**Task**
Go to the line containing "E-commerce Product Data Entry" in the records below and print it and every following line exactly, on through the line containing "Foto: Science Científicos", then stop.

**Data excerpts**
Content starts
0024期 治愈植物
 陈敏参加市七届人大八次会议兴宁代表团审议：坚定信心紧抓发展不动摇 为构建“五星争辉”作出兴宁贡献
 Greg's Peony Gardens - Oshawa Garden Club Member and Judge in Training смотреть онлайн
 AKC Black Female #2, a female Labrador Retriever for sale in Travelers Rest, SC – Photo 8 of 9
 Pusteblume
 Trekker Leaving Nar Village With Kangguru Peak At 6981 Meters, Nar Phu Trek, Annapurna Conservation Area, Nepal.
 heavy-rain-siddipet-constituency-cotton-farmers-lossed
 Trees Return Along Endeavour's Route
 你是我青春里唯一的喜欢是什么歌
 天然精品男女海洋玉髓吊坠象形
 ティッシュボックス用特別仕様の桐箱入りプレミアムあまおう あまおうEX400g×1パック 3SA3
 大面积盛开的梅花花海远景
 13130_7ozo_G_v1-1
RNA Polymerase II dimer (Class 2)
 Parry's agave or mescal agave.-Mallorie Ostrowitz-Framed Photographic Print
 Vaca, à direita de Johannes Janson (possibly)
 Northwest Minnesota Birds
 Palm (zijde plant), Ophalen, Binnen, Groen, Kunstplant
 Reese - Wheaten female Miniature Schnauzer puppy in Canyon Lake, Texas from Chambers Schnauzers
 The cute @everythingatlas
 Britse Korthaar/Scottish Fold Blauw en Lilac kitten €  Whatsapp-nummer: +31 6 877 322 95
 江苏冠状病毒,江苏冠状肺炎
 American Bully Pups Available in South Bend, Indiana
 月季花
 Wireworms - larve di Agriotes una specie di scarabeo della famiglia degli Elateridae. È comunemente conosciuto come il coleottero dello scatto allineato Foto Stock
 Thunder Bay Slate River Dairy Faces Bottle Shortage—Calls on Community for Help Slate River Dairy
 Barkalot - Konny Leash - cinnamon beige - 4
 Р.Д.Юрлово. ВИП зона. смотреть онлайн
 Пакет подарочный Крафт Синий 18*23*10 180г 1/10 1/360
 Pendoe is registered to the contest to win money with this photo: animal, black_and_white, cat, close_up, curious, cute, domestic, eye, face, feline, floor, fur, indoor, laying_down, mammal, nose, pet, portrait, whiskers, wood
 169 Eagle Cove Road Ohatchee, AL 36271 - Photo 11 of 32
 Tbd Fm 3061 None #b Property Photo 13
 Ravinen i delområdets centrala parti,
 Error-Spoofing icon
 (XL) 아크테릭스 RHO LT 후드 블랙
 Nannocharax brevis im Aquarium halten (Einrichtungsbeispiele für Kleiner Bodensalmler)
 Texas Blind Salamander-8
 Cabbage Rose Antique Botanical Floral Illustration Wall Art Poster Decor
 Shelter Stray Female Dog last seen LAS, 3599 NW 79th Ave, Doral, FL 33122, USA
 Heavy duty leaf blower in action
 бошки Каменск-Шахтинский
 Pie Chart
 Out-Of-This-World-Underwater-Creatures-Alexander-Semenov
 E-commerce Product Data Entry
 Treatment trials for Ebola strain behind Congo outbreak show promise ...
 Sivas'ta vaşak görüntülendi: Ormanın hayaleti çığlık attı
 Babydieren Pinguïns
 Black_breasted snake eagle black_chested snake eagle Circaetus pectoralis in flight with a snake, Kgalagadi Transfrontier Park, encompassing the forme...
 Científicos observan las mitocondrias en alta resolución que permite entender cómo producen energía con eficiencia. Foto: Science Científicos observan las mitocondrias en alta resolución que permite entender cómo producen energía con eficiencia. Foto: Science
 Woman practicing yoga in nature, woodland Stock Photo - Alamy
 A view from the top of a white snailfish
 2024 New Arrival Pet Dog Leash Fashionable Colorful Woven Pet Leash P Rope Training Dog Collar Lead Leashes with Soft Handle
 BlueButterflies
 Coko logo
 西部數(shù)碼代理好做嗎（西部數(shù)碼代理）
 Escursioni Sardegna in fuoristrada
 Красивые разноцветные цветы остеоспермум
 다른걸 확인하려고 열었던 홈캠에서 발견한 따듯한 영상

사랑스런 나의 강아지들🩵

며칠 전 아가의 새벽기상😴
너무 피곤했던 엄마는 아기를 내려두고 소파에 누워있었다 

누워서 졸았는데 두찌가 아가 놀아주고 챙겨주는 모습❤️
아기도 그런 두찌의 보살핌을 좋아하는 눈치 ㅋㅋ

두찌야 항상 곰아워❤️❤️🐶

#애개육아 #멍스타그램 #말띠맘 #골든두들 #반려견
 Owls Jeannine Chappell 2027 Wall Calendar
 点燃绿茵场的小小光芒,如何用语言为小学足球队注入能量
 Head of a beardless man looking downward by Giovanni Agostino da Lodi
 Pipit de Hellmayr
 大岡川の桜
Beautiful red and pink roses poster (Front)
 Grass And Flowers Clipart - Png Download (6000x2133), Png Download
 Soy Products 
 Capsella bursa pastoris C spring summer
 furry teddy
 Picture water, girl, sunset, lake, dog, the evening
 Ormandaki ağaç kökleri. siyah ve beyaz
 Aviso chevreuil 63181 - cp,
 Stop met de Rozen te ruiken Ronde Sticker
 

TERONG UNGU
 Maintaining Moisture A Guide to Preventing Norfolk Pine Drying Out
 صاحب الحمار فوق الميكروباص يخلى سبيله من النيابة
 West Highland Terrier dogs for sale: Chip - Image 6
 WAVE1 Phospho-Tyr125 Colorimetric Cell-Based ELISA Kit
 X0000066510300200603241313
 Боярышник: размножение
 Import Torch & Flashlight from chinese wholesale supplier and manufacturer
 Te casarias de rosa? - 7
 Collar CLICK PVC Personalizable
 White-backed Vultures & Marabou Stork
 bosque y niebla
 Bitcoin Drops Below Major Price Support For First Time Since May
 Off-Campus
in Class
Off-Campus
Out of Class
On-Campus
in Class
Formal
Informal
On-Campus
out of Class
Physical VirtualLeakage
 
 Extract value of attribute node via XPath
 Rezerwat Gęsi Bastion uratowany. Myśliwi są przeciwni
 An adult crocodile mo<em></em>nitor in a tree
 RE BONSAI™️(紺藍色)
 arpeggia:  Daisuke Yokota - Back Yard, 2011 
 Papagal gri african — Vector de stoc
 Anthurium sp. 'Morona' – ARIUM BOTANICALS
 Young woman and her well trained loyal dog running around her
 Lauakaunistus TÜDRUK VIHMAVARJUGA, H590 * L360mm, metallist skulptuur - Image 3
Content ends
**Written answer**
 E-commerce Product Data Entry
 Treatment trials for Ebola strain behind Congo outbreak show promise ...
 Sivas'ta vaşak görüntülendi: Ormanın hayaleti çığlık attı
 Babydieren Pinguïns
 Black_breasted snake eagle black_chested snake eagle Circaetus pectoralis in flight with a snake, Kgalagadi Transfrontier Park, encompassing the forme...
 Científicos observan las mitocondrias en alta resolución que permite entender cómo producen energía con eficiencia. Foto: Science Científicos observan las mitocondrias en alta resolución que permite entender cómo producen energía con eficiencia. Foto: Science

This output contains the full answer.